Katz offers disgruntled Oilers’ fans a pacifier

We can view Edmonton Oilers owner Daryl Katz’s letter to the fans as a public relations move worthy of a genius. Or not.

But no matter how the long-suffering Oilers fans view the apologetic denial of everything that’s gone wrong with the club, it’s still nothing more (or else, for that matter) than public relations, pure and simple. It is, also, a sign of the times that the letter keeps sliding on the surface of the matter, rather than at least trying to get at the substance.

To concede for all reasons and purposes that this season has been a washout when the club still has 30 games to go may sound outrageous, if it wasn’t realistic. Of course, what this does to the athletes is another matter altogether. Yes, they are professionals, and they should play to professional standards game in and game out, no issue here.

But they are also human.

When Ryan Smyth forced Kevin Lowe’s hand with a few minutes to spare before the trading deadline a few years ago, many a player said he felt the team has written that particular season off. That the season had been long lost by that deadline, they could care less. It was the symbolism that stunned them.

And the team that had been stumbling before, just continued on its uncontrolled slide.

And now, the owner himself throws in the towel while there still can be a mathematical chance that things might change. Not a realistic chance, mind you, but still, a chance.

The fans’ wrath has been directed at former defenceman, later assistant coach, then head coach, general manager afterwards, and now, president of hockey operations, Kevin Lowe.

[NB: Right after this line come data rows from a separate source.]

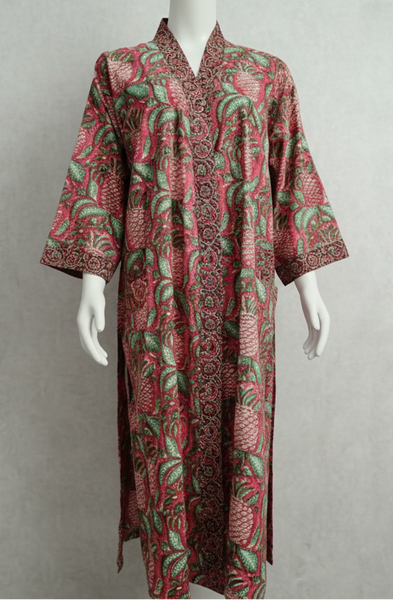 Anokhi Style Robe – Red and Green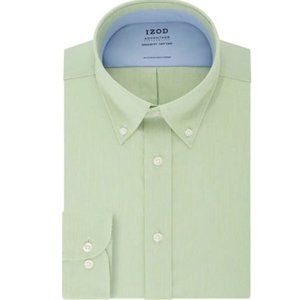 NWT IZOD Cool FX Check Print Dress Shirt Celery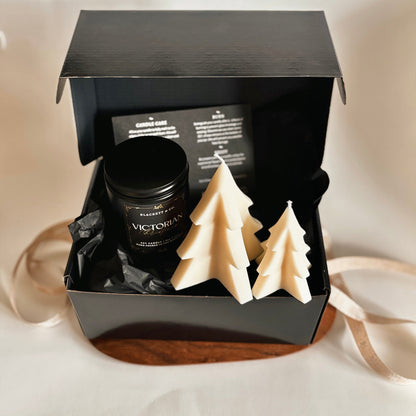 Victorian Christmas soy candle handcrafted by Blackett & Co. and soy candle fir trees.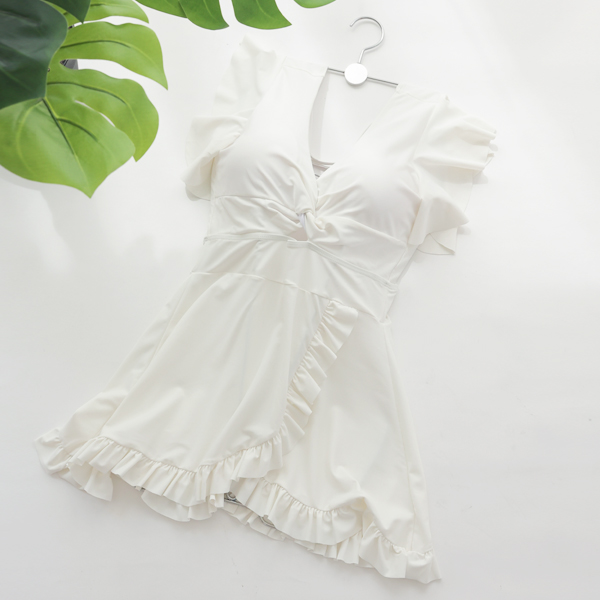 <b>[Free Shipping + Discount]</b> Maternity*Wrinkle Frill Two-Piece Swimsuit (Separate Top and Bottom)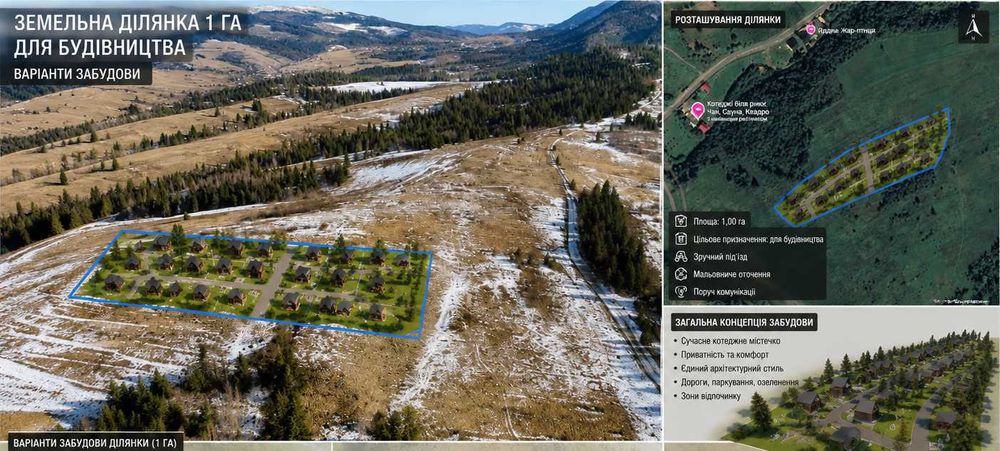 с.Волосянка 1 ГА за 3,7 км від GORO Mountain Resort | Панорамний вид на гори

That the wrath hasn’t been justified is one thing. That Daryl Katz is somewhat ingenious (and this is putting it mildly) in his defence of his employee is – again – another matter.

Hockey people from all over the league would tell you that Daryl Katz is getting too involved with stuff he has no business getting involved with. There have been stories galore, told by reliable hockey people independently of one another, that where the Oilers’ hockey staff were angling for budding defencemen in recent drafts, they were overruled. Guess three times who could it have been to have sufficient power to do that.

If that is Kevin Lowe’s fault, then he’s also guilty of the volcano eruptions in Iceland several years ago.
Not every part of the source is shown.